*** Opening Records to process ***

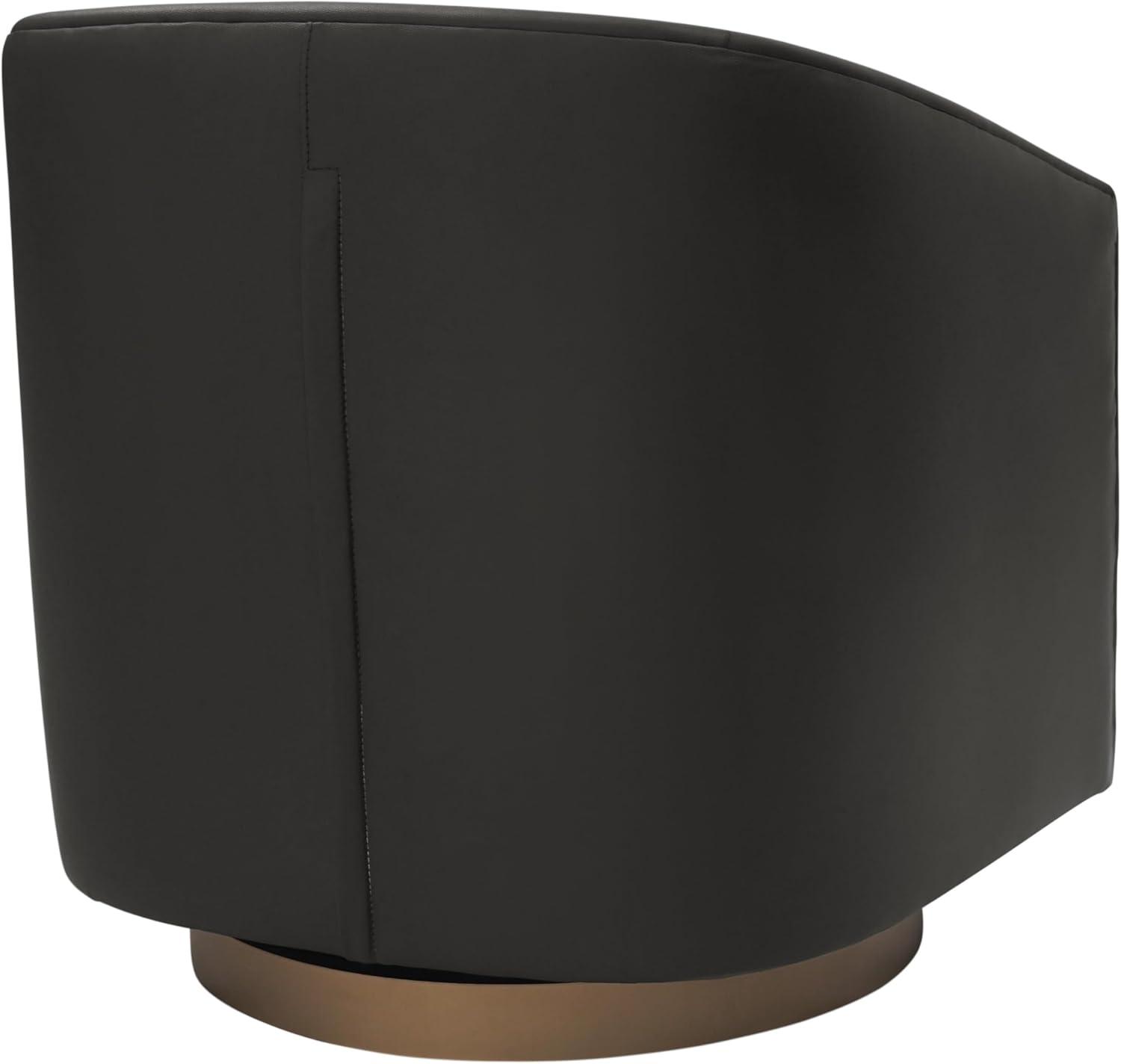 image:imageFlash Furniture Dean Upholstered Barrel Chair Commercial 360 Swivel Club Style Chair Sloped Armrests Brushed Metallic Vinyl Wrapped Metal Base Black LeatherSoftBlack Leathersoft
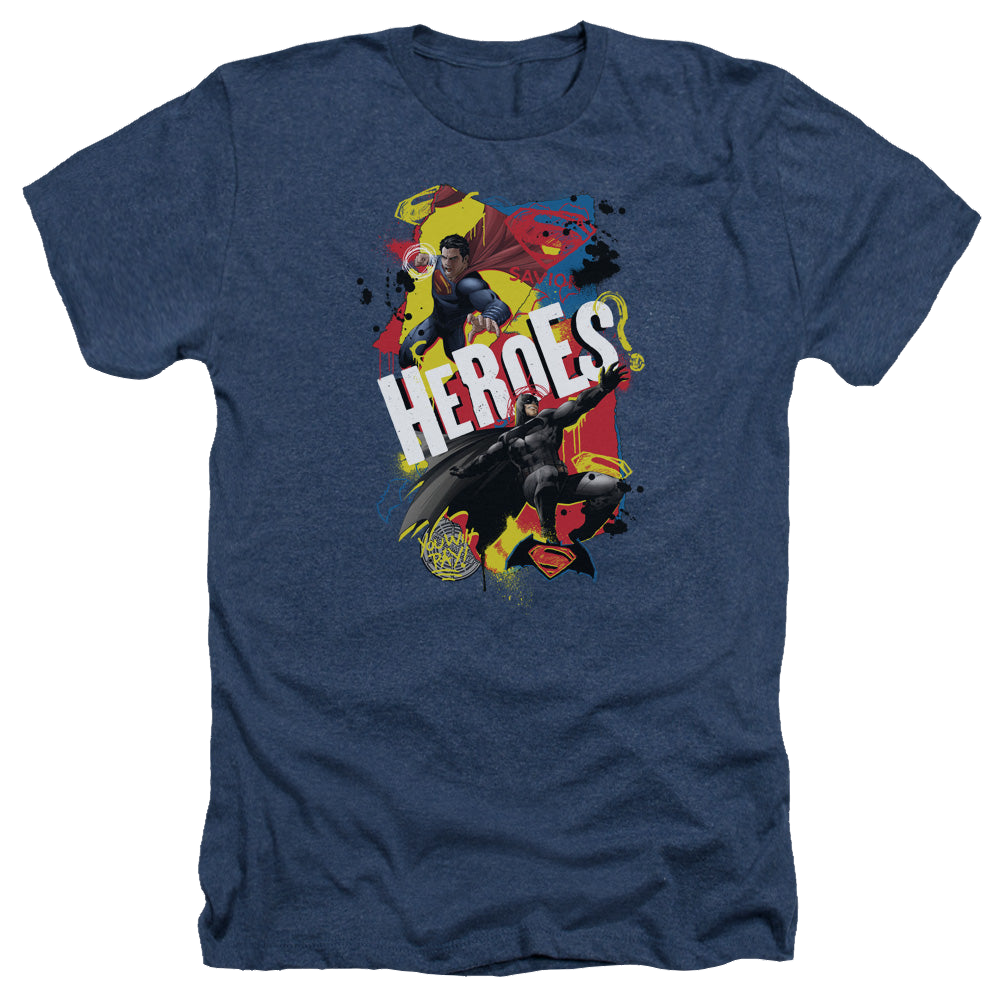 Batman v Superman Double Hero - Men's Heather T-Shirt Men's Heather T-Shirt Batman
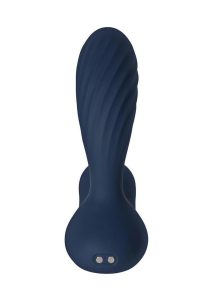 Svakom Vick Neo 2 App Compatible Rechargeable Silicone Warming Dual Stimulating Prostate Vibrator with Remote Control - Navy Blue/Gold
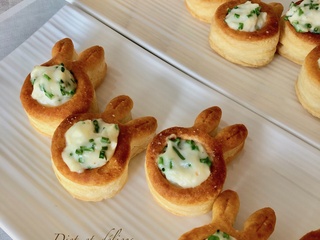 Mini bouchées lapin à la béchamel à la ciboulette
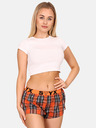 Styx Orangefarbene karierte Damen-Schlafshorts Styx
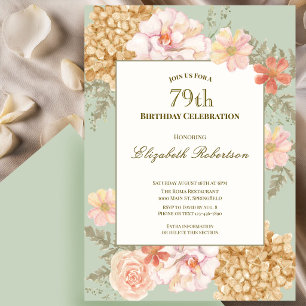 79th Birthday Invitation Autumn Colours Floral Sag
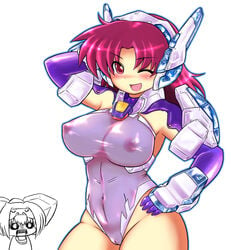 armor bb blush breasts crueltear exelica hips large_breasts muhyowo nipples pose pussy see-through smile trigger_heart_exelica uncensored wink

*** Closing Records to process ***

▶ _Task statement_
Copy all the records word for word and keep the pictures out.

▶ _Exercise output_
 image:imageFlash Furniture Dean Upholstered Barrel Chair Commercial 360 Swivel Club Style Chair Sloped Armrests Brushed Metallic Vinyl Wrapped Metal Base Black LeatherSoftBlack Leathersoft
 Batman v Superman Double Hero - Men's Heather T-Shirt Men's Heather T-Shirt Batman
 Svakom Vick Neo 2 App Compatible Rechargeable Silicone Warming Dual Stimulating Prostate Vibrator with Remote Control - Navy Blue/Gold
 Mini bouchées lapin à la béchamel à la ciboulette
 Styx Orangefarbene karierte Damen-Schlafshorts Styx
 79th Birthday Invitation Autumn Colours Floral Sag
 armor bb blush breasts crueltear exelica hips large_breasts muhyowo nipples pose pussy see-through smile trigger_heart_exelica uncensored wink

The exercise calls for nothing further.